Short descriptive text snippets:
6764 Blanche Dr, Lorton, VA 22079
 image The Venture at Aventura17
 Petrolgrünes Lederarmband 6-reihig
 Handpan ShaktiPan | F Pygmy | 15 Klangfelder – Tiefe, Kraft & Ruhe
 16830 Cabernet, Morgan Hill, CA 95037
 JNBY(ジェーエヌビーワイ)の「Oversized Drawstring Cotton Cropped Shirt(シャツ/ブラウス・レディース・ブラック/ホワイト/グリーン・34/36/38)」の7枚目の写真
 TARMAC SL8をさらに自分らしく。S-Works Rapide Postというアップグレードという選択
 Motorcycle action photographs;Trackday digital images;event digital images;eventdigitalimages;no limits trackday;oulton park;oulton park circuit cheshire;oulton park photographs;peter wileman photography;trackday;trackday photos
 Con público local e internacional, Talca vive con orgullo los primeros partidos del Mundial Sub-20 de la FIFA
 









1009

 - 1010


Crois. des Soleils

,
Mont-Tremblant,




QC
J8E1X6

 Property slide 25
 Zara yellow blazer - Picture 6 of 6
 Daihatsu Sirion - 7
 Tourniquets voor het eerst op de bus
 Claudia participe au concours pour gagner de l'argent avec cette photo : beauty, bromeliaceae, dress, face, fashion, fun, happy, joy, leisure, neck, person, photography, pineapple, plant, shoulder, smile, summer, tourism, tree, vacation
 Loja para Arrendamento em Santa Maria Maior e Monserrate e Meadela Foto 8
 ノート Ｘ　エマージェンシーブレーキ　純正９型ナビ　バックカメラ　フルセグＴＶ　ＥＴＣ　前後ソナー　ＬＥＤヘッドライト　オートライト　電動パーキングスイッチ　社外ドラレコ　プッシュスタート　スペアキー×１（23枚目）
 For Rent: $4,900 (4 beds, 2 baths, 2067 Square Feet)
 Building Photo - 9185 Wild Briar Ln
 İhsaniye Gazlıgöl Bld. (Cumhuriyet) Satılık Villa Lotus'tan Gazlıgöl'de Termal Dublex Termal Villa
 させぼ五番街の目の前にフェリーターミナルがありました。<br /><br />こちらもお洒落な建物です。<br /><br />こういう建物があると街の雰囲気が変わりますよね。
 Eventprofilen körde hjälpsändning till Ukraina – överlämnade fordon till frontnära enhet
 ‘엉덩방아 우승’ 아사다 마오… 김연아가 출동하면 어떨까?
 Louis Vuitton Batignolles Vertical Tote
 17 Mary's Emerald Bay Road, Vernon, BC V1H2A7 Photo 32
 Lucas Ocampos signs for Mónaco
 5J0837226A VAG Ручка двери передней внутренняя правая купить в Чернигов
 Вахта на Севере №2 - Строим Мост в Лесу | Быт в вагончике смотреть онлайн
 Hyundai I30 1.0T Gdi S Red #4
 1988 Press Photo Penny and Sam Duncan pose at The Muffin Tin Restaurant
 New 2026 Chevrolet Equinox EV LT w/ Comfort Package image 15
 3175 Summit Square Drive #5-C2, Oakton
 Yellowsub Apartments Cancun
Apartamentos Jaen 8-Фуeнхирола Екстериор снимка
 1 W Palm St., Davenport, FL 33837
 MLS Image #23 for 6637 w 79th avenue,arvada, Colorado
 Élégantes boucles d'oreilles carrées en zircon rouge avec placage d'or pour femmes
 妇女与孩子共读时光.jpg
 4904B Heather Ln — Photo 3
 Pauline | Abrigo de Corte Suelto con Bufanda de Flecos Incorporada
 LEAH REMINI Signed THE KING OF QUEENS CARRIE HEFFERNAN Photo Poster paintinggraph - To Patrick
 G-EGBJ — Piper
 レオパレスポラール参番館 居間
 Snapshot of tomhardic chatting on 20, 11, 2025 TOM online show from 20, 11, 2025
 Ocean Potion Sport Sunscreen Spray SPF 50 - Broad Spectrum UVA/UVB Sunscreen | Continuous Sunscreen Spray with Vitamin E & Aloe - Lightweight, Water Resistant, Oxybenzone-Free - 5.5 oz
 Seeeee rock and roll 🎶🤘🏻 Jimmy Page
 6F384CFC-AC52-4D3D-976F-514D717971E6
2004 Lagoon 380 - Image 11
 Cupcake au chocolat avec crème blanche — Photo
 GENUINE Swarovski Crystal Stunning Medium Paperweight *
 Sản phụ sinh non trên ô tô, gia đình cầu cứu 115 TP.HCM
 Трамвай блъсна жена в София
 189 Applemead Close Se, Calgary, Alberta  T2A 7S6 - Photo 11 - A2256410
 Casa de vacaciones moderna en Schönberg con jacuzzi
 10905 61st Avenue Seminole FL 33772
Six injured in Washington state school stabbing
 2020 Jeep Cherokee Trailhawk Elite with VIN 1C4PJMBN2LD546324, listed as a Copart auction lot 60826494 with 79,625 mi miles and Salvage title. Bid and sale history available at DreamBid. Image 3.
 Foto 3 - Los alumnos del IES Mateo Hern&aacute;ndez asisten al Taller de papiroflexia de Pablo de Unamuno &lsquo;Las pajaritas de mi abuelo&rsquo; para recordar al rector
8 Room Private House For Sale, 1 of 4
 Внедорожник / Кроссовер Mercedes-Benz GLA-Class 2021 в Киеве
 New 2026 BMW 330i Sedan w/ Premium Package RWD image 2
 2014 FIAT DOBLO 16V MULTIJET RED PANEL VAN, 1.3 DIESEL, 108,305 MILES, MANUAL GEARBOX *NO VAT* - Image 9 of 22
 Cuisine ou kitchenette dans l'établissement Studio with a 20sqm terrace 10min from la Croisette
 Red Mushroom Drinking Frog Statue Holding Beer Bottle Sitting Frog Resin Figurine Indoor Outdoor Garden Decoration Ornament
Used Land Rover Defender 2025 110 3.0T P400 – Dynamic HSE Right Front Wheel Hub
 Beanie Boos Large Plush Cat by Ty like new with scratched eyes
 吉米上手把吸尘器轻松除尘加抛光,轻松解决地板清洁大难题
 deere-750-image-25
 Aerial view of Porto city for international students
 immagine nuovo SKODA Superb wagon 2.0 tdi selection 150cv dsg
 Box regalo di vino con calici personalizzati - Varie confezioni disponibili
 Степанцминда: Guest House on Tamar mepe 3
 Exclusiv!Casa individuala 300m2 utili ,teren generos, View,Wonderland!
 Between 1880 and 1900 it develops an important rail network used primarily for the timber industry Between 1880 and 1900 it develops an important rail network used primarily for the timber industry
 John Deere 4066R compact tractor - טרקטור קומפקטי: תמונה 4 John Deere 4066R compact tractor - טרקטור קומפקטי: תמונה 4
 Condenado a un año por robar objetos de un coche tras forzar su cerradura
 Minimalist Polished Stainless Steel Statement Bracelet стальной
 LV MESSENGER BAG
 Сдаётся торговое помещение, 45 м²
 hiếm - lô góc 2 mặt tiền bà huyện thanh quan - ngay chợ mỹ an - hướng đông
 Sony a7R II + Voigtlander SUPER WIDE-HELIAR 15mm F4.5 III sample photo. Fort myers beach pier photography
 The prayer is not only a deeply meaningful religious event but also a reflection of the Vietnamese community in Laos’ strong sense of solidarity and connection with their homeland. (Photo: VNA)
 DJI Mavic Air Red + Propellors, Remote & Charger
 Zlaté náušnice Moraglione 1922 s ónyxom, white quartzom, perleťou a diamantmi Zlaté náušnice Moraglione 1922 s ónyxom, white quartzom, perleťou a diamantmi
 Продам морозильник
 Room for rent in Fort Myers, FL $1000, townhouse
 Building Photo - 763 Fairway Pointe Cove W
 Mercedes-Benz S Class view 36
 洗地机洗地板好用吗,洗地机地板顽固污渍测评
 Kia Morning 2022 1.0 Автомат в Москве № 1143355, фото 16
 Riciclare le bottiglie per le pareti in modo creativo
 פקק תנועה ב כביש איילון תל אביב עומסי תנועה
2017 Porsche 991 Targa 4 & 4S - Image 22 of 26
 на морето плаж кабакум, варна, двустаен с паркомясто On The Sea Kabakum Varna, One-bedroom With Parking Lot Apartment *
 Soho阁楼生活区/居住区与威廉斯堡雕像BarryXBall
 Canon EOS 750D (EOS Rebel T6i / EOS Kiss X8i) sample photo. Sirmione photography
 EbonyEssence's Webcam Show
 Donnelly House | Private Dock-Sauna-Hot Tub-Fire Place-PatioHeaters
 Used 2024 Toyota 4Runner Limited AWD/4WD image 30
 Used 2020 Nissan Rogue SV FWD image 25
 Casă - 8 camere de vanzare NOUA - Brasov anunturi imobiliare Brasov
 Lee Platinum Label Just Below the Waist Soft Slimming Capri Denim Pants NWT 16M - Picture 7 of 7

§ **What the exercise asks**: Reproduce the lines of the records exactly, from the first one through the line that contains "TARMAC SL8をさらに自分らしく。S-Works Rapide".

§ **Task result**:
6764 Blanche Dr, Lorton, VA 22079
 image The Venture at Aventura17
 Petrolgrünes Lederarmband 6-reihig
 Handpan ShaktiPan | F Pygmy | 15 Klangfelder – Tiefe, Kraft & Ruhe
 16830 Cabernet, Morgan Hill, CA 95037
 JNBY(ジェーエヌビーワイ)の「Oversized Drawstring Cotton Cropped Shirt(シャツ/ブラウス・レディース・ブラック/ホワイト/グリーン・34/36/38)」の7枚目の写真
 TARMAC SL8をさらに自分らしく。S-Works Rapide Postというアップグレードという選択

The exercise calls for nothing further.